Martha Ross interrupted. “Nineteen-fifty-eight, Doctor? You mean forty-eight?”
“No, Miss Ross. I am speaking of events that did not take place on this time track.”
“Oh.” She looked blank, then muttered, “With the Lord all things are possible.”
“While in prison I had time to regret my mistakes. I realized that I had never been cut out for a business career, and I earnestly wished that I had stayed in school many years before. Prison has a peculiar effect on a man’s mind. I drifted further and further away from reality, and lived more and more in an introspective world of my own. One night, in a waynot then clear to me, my ego left my cell, went back along the time track, and I awoke in my room at my college fraternity house.
“This time I was wiser — Instead of leaving school, I found part-time work, graduated, continued as a graduate fellow, and eventually arrived where you now see me.” He paused and glanced around.
“Doctor,” asked young Monroe, “can you give us any idea as to how the stunt was done?”
‘Yes, I can,” Frost assented –“I worked on that problem for many years, trying to recapture the conditions. Recently I have succeeded and have made several excursions into possibility.”
Up to this time the third woman, Estelle Martin, had made no comment, although she had listened with close attention. Now she leaned forward and spoke in an intense whisper.
“Tell us how, Professor Frost!”
“The means is simple. The key lies in convincing the subconscious mind that it can be done — ”
“Then the Berkeleian idealism is proved!”

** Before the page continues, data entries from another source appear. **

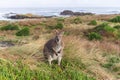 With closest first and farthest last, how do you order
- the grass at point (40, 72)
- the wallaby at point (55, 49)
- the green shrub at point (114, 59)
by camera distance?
the grass at point (40, 72) < the wallaby at point (55, 49) < the green shrub at point (114, 59)

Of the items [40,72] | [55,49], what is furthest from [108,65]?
[40,72]

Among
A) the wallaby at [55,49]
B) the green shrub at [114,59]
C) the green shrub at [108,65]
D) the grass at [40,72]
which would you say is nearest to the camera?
the grass at [40,72]

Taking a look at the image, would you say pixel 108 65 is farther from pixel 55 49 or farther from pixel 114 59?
pixel 55 49

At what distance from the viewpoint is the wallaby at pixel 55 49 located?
13078 mm

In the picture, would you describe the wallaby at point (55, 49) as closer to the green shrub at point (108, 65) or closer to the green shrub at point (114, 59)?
the green shrub at point (108, 65)

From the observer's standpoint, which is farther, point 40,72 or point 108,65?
point 108,65

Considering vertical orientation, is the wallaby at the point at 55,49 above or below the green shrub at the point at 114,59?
above

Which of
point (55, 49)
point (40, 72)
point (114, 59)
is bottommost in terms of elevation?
point (114, 59)

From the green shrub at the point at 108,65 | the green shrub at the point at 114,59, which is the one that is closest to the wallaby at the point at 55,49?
the green shrub at the point at 108,65

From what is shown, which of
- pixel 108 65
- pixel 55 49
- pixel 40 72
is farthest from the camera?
pixel 108 65

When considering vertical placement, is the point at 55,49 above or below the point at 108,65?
above

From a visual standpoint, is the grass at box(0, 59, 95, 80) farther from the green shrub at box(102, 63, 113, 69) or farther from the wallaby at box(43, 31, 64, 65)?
the green shrub at box(102, 63, 113, 69)

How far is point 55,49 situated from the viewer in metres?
13.1

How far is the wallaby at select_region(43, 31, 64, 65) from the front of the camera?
42.9ft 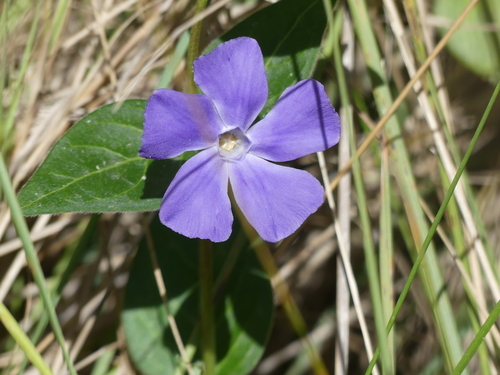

“In a way. Miss Martin. To one who believes in Bishop Berkeley’s philosophy the infinite possibilities of two-dimensional time offer proof that the mind creates its own world, but a Spencerian determinist, such as good friend Howard Jenkins, would never leave the road of maximum probability. To him the world would be mechanistic and real. An orthodox free-will Christian, such as Miss Ross, would have her choice of several of the side roads, but would probably remain in a physical environment similar to Howard’s.
“I have perfected a technique which will enable others to travel about in the pattern of times as I have done. I have the apparatus ready and any who wish can try it. That is the real reason why these Friday evening meetings have been held in my home-so that when the time came you all might try it, if you wished.” He got up and went to a cabinet at the end of the room. “You mean we could go tonight. Doctor?” “Yes, indeed. The process is one of hypnotism and suggestion.
Neither is necessary, but that is the quickest way of teaching the sub-conscious to break out of its groove and go where it pleases. I use a revolving ball to tire the conscious mind into hypnosis. During that period the subject listens to a recording which suggests the time-road to be followed, whereupon he does. It is as simple as that. Do any of you care to try it?”